* doc/bison.texinfo (Location Tracking Calc): New node.

2026-03-17 08:13:02 +00:00 · 2001-08-29 12:16:04 +00:00
parent 870f12c270
commit db433e9db8
8 changed files with 765 additions and 355 deletions
--- a/doc/bison.texinfo
+++ b/doc/bison.texinfo
@@ -184,6 +184,7 @@ Examples
 * Infix Calc::        Infix (algebraic) notation calculator.
                        Operator precedence is introduced.
 * Simple Error Recovery::  Continuing after syntax errors.
+* Location Tracking Calc:: Demonstrating the use of @@@var{n} and @@$.
 * Multi-function Calc::    Calculator with memory and trig functions.
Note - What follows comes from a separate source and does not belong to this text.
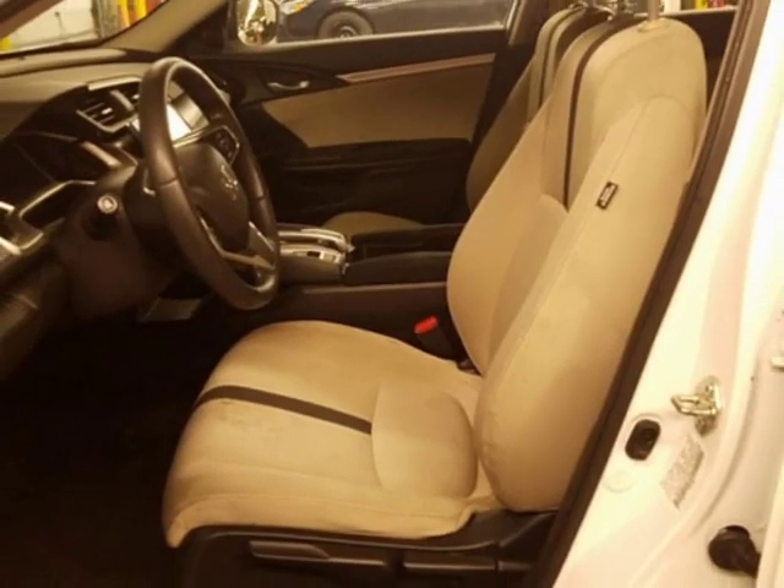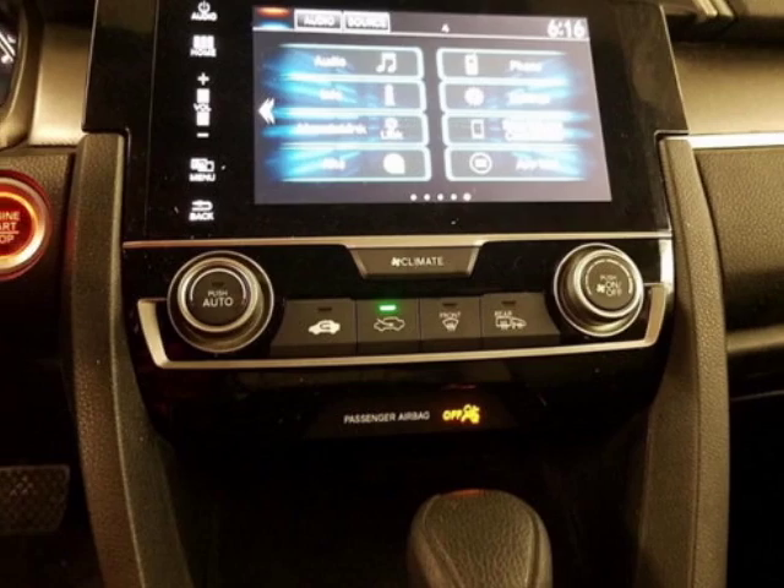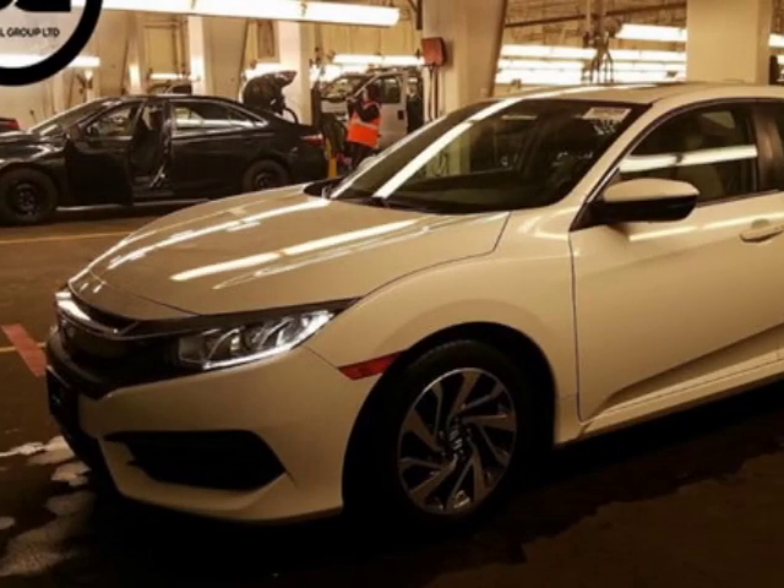auxiliary audio input, moonroof, and keyless entry. Call 908-241-6262 or email our friendly sales staff today to schedule a test drive.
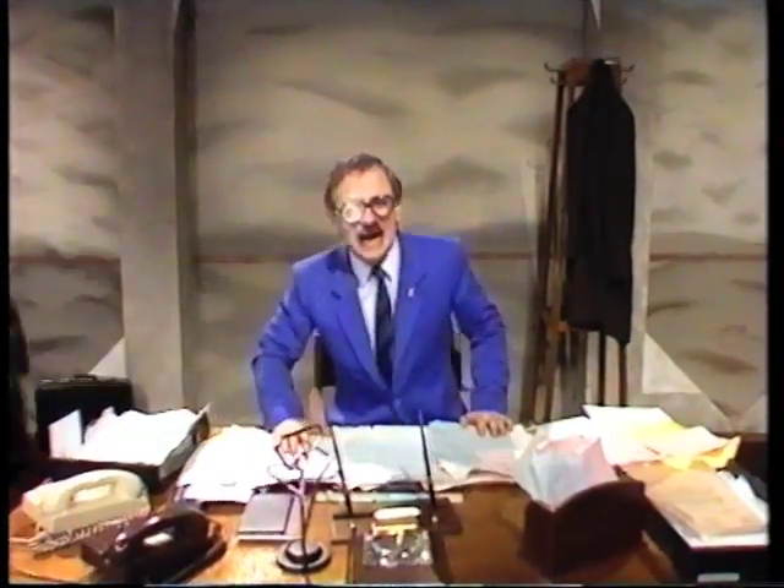Oh, good heavens, we're on! The wonders of modern television. You see, it's a team effort — everyone pulling together.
                        It uses multiple data-types for semantic values.
 * Exercises::         Ideas for improving the multi-function calculator.
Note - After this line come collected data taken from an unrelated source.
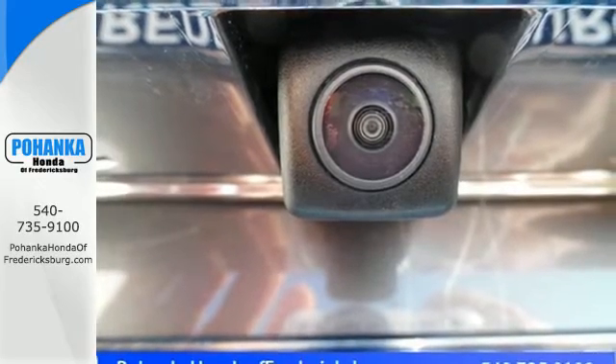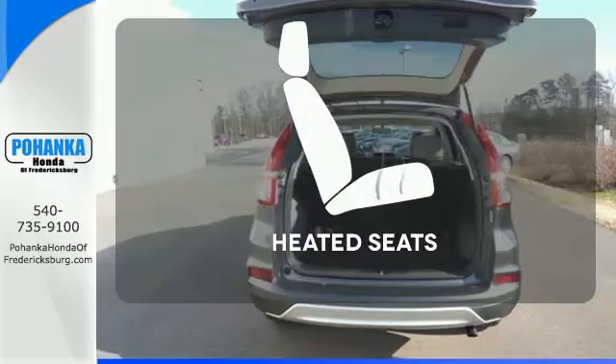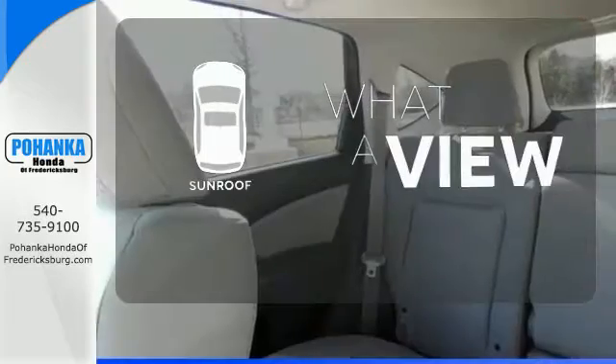Fire up the push-button start and say the command with Bluetooth hands-free link and you're off on another adventure. The heated seats keep you comfortable, no matter how cold it is. The sunroof gives you fresh air for your drive.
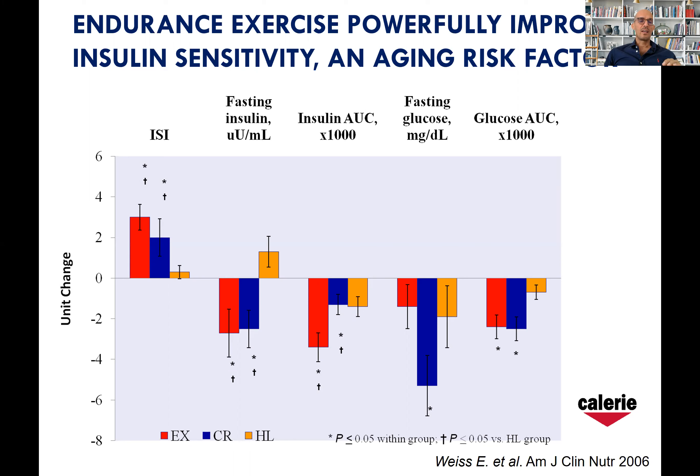Visceral fat is a major producer of pro-inflammatory and other adipokines that cause insulin resistance. In this study published in the American Journal of Clinical Nutrition in 2006, we see that several markers of insulin sensitivity are highly improved by both calorie restriction (in blue) and exercise (in red). But a couple of markers — the Matsuda index, insulin sensitivity index, and the insulin area under the curve — are more improved by endurance exercise than calorie restriction, even with similar body weight.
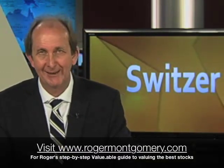Every second Thursday is Roger Montgomery night — well, I tell him it is. And tonight he's looking critically at what a good prospectus should really tell investors.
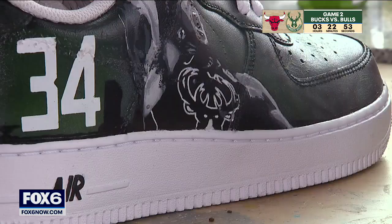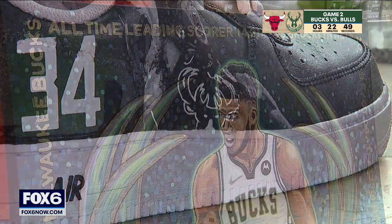He gets to just zone out, go at his own pace — it's kind of like a nice little release from the world. While these two artists' styles are different, their love for their favorite team paints the perfect picture.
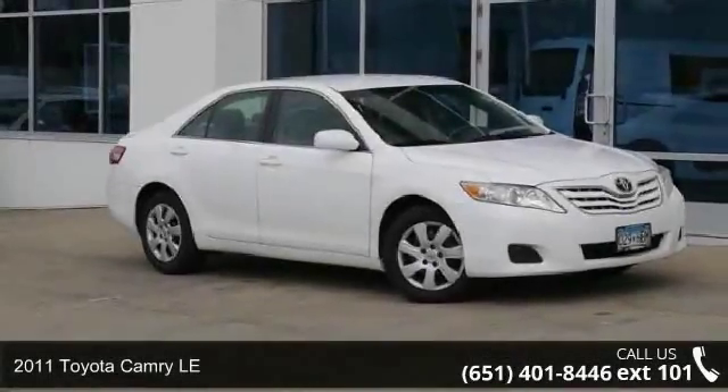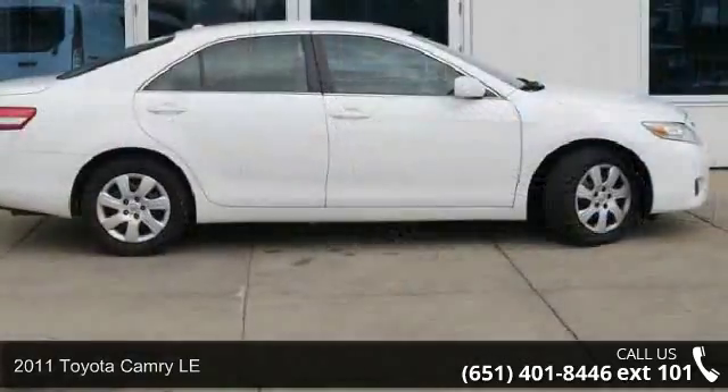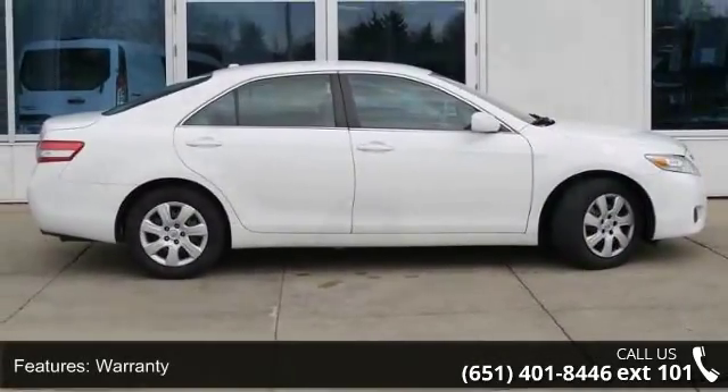Arrive in style with this 2011 Toyota Camry LE. If you are looking for a first-rate auto, this one could be yours today. This vehicle's top features include warranty, navigation system,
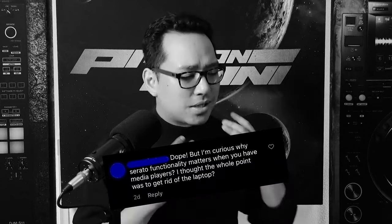Whenever I post a video using the CDJ3000s in HID mode with different DJ software, I always get this one question in the comments: Why do people use a laptop with CDJs? Sometimes the question comes from genuine curiosity, but other times it comes from a position of gear snobbery.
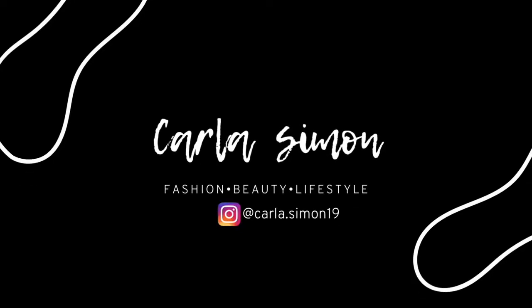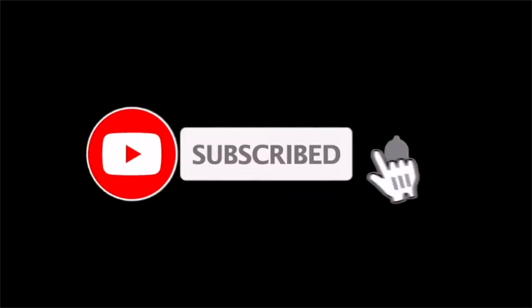Hello everyone and welcome back to my channel. In today's video I'm going to be sharing with you some tips on how to save money. If you're new to my channel, welcome. My name is Karla and on this channel I share videos on fashion, beauty, and lifestyle. If you enjoy these kinds of videos then please subscribe down below.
@@ -204,6 +205,12 @@ Grammar Rules for @code{rpcalc}
 * Rpcalc Line::
 * Rpcalc Expr::

+Location Tracking Calculator: @code{ltcalc}
+
+* Decls: Ltcalc Decls.  Bison and C declarations for ltcalc.
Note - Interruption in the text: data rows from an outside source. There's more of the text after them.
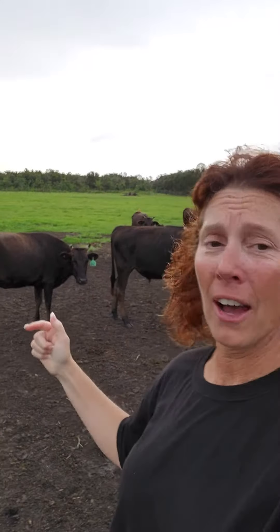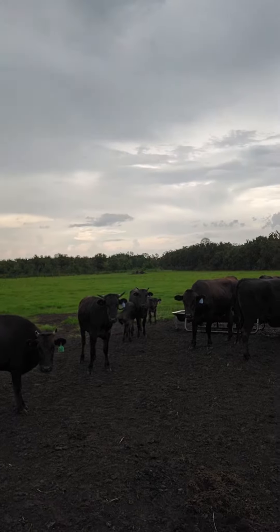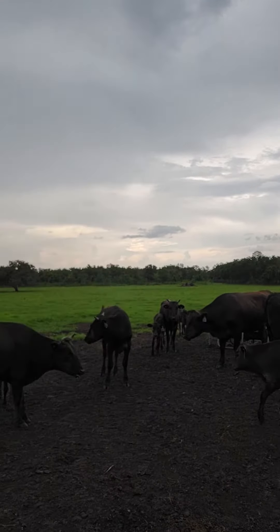Hey y'all, Farmer Nicole here and I am out in our Wagyu pasture. I have talked to you guys about the fact that we are bringing to you a special boutique farming opportunity with our reserve group of Wagyu beef and so this is what we have. Now it is doing a little bit of that Florida rain out here but I wanted to give you a chance to see the collection.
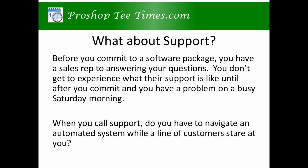What about support? Before you commit to a software package, you have a sales rep answering your questions. You don't get to experience what their support is like until after you commit and you have a problem on a busy Saturday morning. When you call support, do you have to navigate an automated system while a line of customers stare at you?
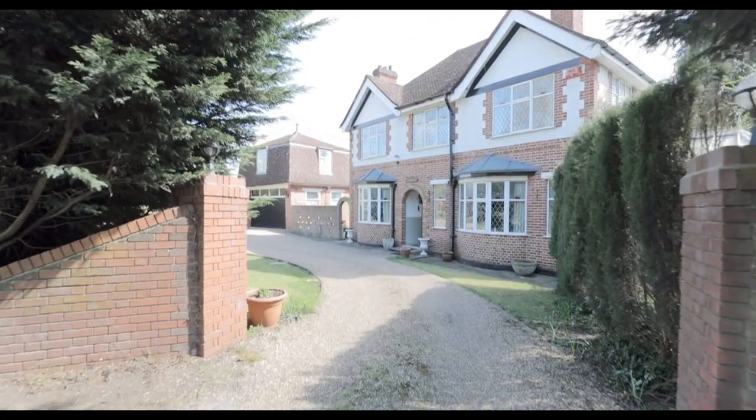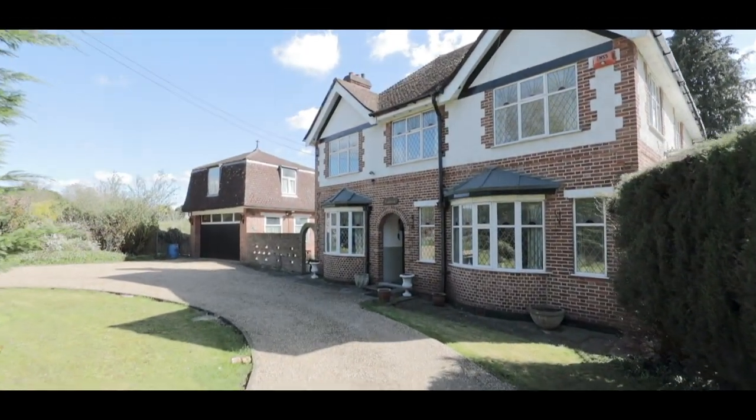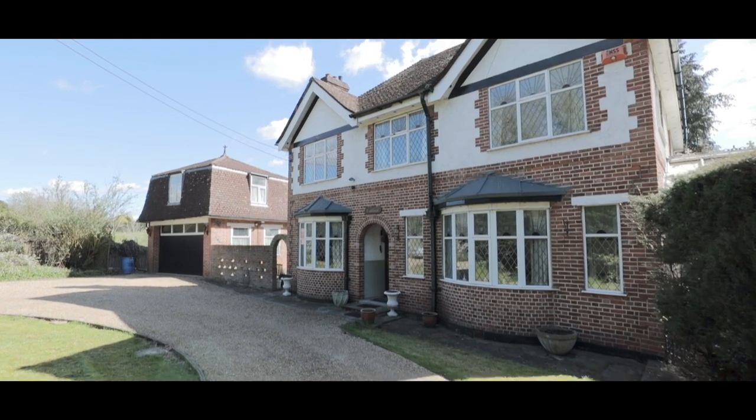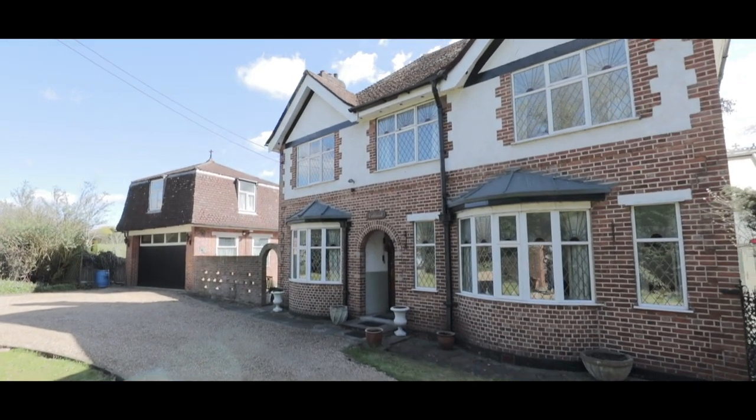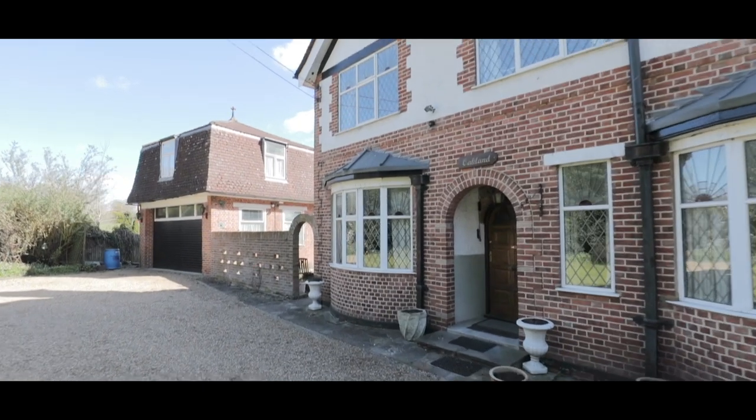Welcome to Bangors Road South in Ivor and this six-bedroom detached property with a separate annex flat above the garage. To the front there is dual-access driveway parking as well as access to the rear and side of the property.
+* Rules: Ltcalc Rules.  Grammar rules for ltcalc, with explanations.
+* Lexer: Ltcalc Lexer.  The lexical analyzer.
+
 Multi-Function Calculator: @code{mfcalc}

 * Decl: Mfcalc Decl.      Bison declarations for multi-function calculator.
@@ -794,6 +801,7 @@ to try them.
 * Infix Calc::        Infix (algebraic) notation calculator.
                        Operator precedence is introduced.
 * Simple Error Recovery::  Continuing after syntax errors.
+* Location Tracking Calc:: Demonstrating the use of @@@var{n} and @@$.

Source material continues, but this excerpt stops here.